Sanders e Trump, i candidati antipartito delle primarie americane

Bernie Sanders non vincerà queste primarie. Non perchè non sia un politico capace. Anzi la sua storia è costellata di battaglie difficili, di posizioni scomode, di scelte coraggiose. Non vincerà perchè “è troppo a sinistra”. La sua battaglia in queste primarie ha tre ragioni profonde. 
La prima, perchè è importante che in democrazia ci siano alternative e non plebisciti preconfezionati. E questa è una grande lezione per tutte le democrazie: ricordare che è fondamentale che non vi siano solo alternative tra partiti e leader, ma anche un’alternativa e un dibattito interno nello stesso partito.
La seconda, a conclusione di una lunga carriera e storia politica di battaglie sociali e per i diritti civili, Sanders ha poco o nulla da perdere, e molto da rivendicare e ricordare al suo partito, al suo popolo, e al suo partito.

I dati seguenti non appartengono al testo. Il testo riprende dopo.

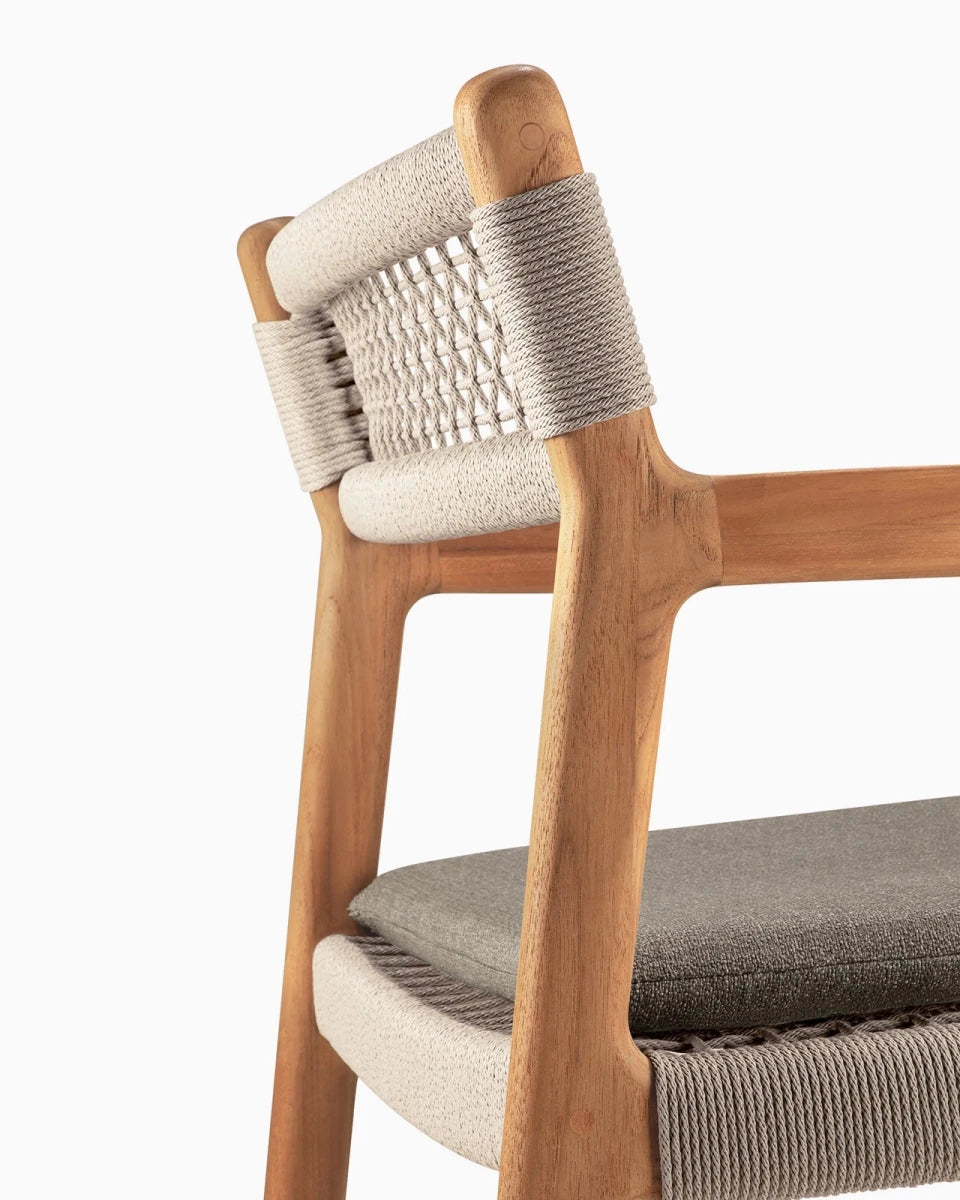 Teak & Beige Cord / Silt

La terza, perchè proprio per la prospettiva plebiscitaria di queste primarie, certi temi e certe battaglie se non le riporta “uno come lui” nell’agenda politica rischiano di restare ai margini.
Primo fra tutti offrire un’antitesi forte alle tesi del teaParty e di quel nucleo di imprenditori disposti a tutto pur di non regolamentare il salario minimo e le questioni ambientali.
Il sogno, da dodici anni a questa parte, era una discesa in campo di Elisabeth Werren, in qualche modo la capocorrente di qualla parte di pensiero dei Democratici americani. Ma con un’altra donna in lizza sarebbe stato stavolta davvero complicato. Ci ha pensato Bernie.


Va detto che proprio per il metodo e per il dibattito democratico, le primarie ben si prestano a far emergere candidati più radicali, che anche mediaticamente appaiono più decisi, forti, schierati, chiari. Ma non è ciò che fa vincere le primarie che fa vincere anche le elezioni vere. E questo lo sanno bene i circa 400 grandi elettori indipendenti: quei nomi che votano per le primarie indipendentemente dagli stati, e portano “voti presidenziali” ai singoli candidati: 360 sono con la Clinton, 5 con Sanders. A questi si sommeranno i voti conquistati stato per stato.


Discorso analogo per Donald Trump, mattatore televisivo che comincia a scricchiolare anche lui nel voto vero delle primarie repubblicane. Qui non ci sono i maggiorenti del partito a pesare, e chi vince anche di un solo voto in uno stato porta a casa tutti i voti dei delegati statali (e non proporzionalmente come per i democratici). E quindi se per Sanders può andare meno peggio, per Trump il popolo repubblicano una seria riflessione la fa, e pesantemente.
Trump si avvicina ma non riesce a vincere in modo forte e convincente, e l’elettorato del GOP premia i suoi (numerosi e frammentati) avversari, che tuttavia restano in campo, crescono, pronti ad una seria riflessione tra qualche mese per chiudere sul ticket che ha maggiori chance di competere e vincere. Ma anche lui non è un fenomeno da sottovalutare. Un magnate due volte sull’orlo della bancarotta salvato dall’intervento pubblico, che si schiera contro l’intervento statale, che combatte contro il lavoro degli immigrati, che tuttavia sono la indicibile e impopolare ossatura di ciò che resta della grande industria americana e della sua rete di distribuzione. Attaccare il Papa per qualcuno è stato un autogol, e politicamente certamente lo è stato. Ma anche il suo messaggio non è da sottovalutare, e scremato da populismo, manicheismo, goffaggine e quant’altro è forte e chiaro.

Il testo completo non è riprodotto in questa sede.